Task item >>
Scan the data below for lines holding the word "with", and copy each line found.

________________________

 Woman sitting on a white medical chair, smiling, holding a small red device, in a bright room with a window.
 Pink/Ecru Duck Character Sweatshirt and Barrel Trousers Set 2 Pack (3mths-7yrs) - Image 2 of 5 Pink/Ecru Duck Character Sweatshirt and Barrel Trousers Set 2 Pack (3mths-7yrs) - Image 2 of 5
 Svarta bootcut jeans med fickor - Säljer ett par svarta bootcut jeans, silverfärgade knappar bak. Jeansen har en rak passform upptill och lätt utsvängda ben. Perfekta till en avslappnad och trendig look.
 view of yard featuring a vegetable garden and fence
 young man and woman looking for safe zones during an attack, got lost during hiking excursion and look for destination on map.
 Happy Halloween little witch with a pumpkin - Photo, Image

________________________

Problem solution >>
 Woman sitting on a white medical chair, smiling, holding a small red device, in a bright room with a window.
 Happy Halloween little witch with a pumpkin - Photo, Image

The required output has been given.